Below are just a few of the key ways you can promote your small business loyalty program:

  • On-premise signage
    • If you have a brick and mortar location (or locations) you best make sure to display visible signage for all patrons to see. At the very least you should include a sign at your POS, but you could additionally place signage in the window for passers-by too. If your business is a restaurant, consider including a small sign on every table.
  • Staff
    • When you launch your loyalty program, it’s important to brief your staff as well as provide them with some prompts for talking to customers about the program, whether in person, on the phone, or over email. If your staff are excited about the program, your customers will be too.
  • Social media
    • If you’re leveraging social channels, ensure you announce your loyalty program on each of them. Create consistent images to use across all platforms, as well as consistent messaging and share it with your followers. If people have questions or comments, be sure to answer all of them!
  • Retargeting
    • If you have a bit of cash to spend on promo, you could consider retargeting past customers with ads pointing to your loyalty program registration page. If you’re unfamiliar with this marketing tactic, retargeting is a way of getting your message in front of a specified audience on a platform you don’t own (such as Facebook or Instagram). When someone clicks on your ad, you pay a small fee to the hosting platform. But don’t worry, you can set your budget ahead of time so you only spend what you’ve allocated.
  • Email
    • Of course, you’ll want to send an email out to customers and leads letting them know you’ve launched a fantastic new loyalty program, since this may be the tipping point that makes them a new or returning customer. If you used a CRM to send out an email with a survey, consider sending an email out first to those customers who opened the email, since they’ll be the most likely to register.

Is your small business loyalty program working?

Launching your loyalty program is a huge milestone, but you need to be diligently tracking its progress to determine if it was a success or not.

Ideally, you would have set goals for the program so you could track how it’s performing. For example, let’s say you wanted to sign up 10% of your customer base within the first three months. To determine if this was successful, you’ll use the following participation rate formula:

  • Number of participants / Number of customers

According to rewards program software Smile.io, the average loyalty program has a participation rate of 23%, so your goal should be to meet (and even exceed) this rate in whatever you determine is a reasonable timeframe.

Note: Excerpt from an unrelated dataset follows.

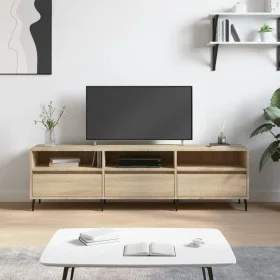 TV-Schrank aus Sonoma-Eichensperrholz, 150 x 30 x 44,5 cm von vidaXL, TV-Möbel - Ref: Foro24-831295, Preis: 101,39 €, Rabatt: %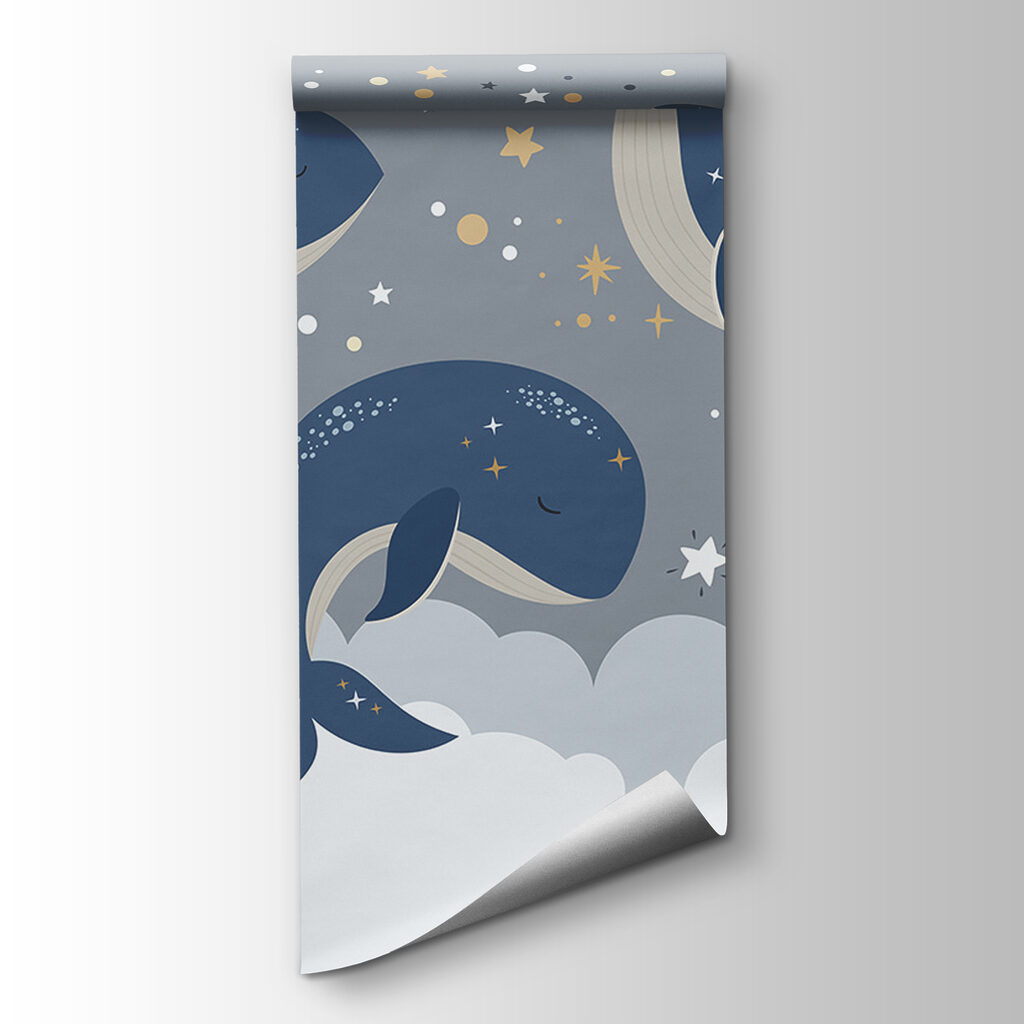 Group of whales in the sky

Another metric you should be tracking is redemption rate, which can be calculated as follows:

  • Number of points or rewards redeemed / Number points or rewards issued

Again, Smile.io reported that “66% of rewards that were issued by brands were redeemed by their customers” so this should be a good rate to aim for.

Experience small business loyalty program bliss

The perfect small business loyalty program benefits both you and your customer, not one or the other.

By rewarding your best customers with meaningful rewards, they’ll in turn reward you with loyalty, referrals, and other actions that translate to real value to you, such as social engagement, reviews, and ambassadorship.

If you’re a small business owner, and you’re wondering if a loyalty program would be a good fit for your business, don’t speculate. Your customers will be the greatest indicator of success, so pick their brains, understand their motivations, and launch something, fast.